#### [Required work]
The pictures do not belong in the copy. Restate all of the records word for word.

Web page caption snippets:

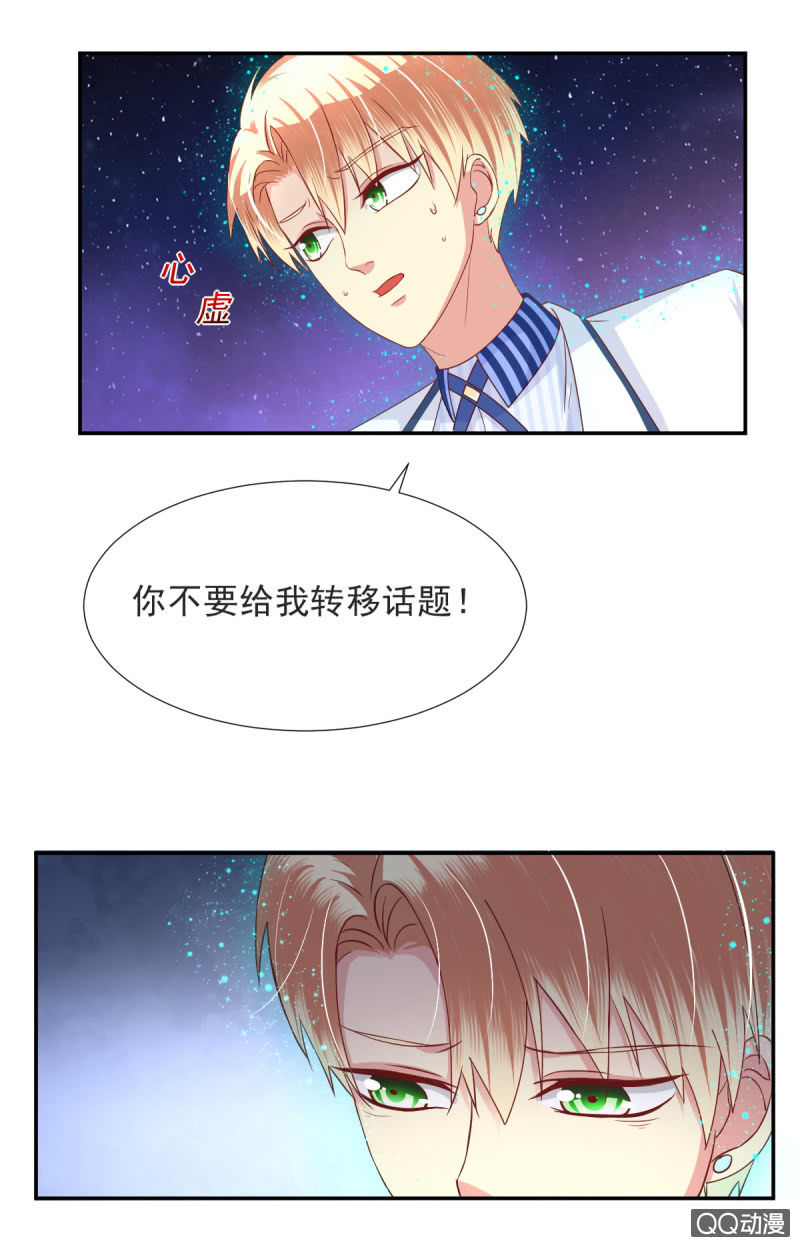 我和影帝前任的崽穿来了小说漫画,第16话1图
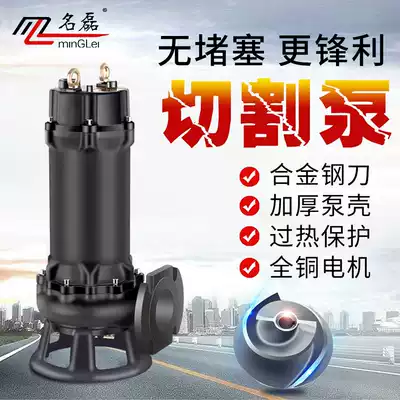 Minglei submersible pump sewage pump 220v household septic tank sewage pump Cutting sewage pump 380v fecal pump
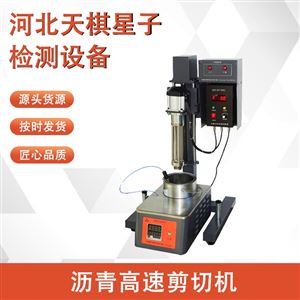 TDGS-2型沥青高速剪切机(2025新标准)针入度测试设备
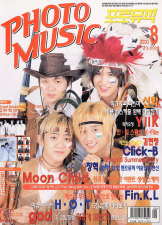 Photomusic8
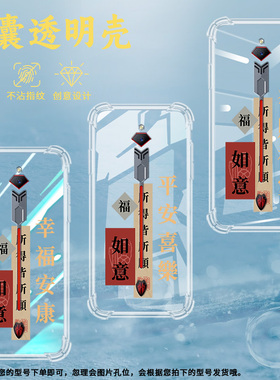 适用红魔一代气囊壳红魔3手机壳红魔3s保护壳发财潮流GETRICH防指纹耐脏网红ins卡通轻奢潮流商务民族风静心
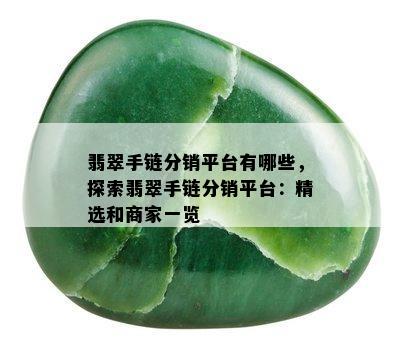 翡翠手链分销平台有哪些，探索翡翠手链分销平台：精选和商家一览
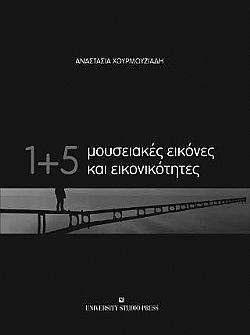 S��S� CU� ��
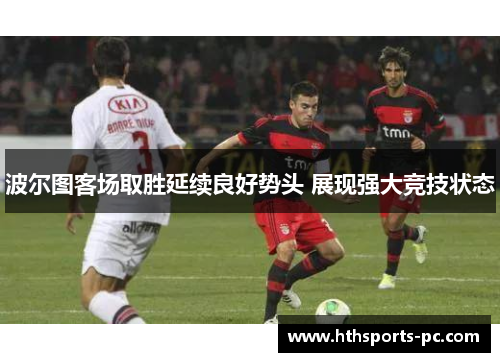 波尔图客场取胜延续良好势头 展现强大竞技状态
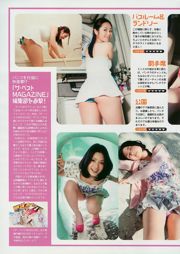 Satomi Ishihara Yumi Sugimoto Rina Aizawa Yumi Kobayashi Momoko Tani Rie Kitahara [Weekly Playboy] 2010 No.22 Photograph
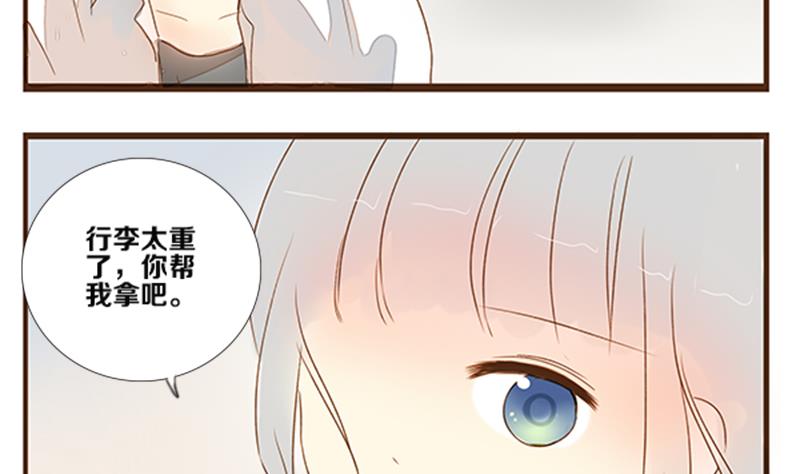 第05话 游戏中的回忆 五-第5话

#### [Output]
 我和影帝前任的崽穿来了小说漫画,第16话1图
 Minglei submersible pump sewage pump 220v household septic tank sewage pump Cutting sewage pump 380v fecal pump
 TDGS-2型沥青高速剪切机(2025新标准)针入度测试设备
 Photomusic8
 适用红魔一代气囊壳红魔3手机壳红魔3s保护壳发财潮流GETRICH防指纹耐脏网红ins卡通轻奢潮流商务民族风静心
 翡翠手链分销平台有哪些，探索翡翠手链分销平台：精选和商家一览
 S��S� CU� ��
 波尔图客场取胜延续良好势头 展现强大竞技状态
 Satomi Ishihara Yumi Sugimoto Rina Aizawa Yumi Kobayashi Momoko Tani Rie Kitahara [Weekly Playboy] 2010 No.22 Photograph
 第05话 游戏中的回忆 五-第5话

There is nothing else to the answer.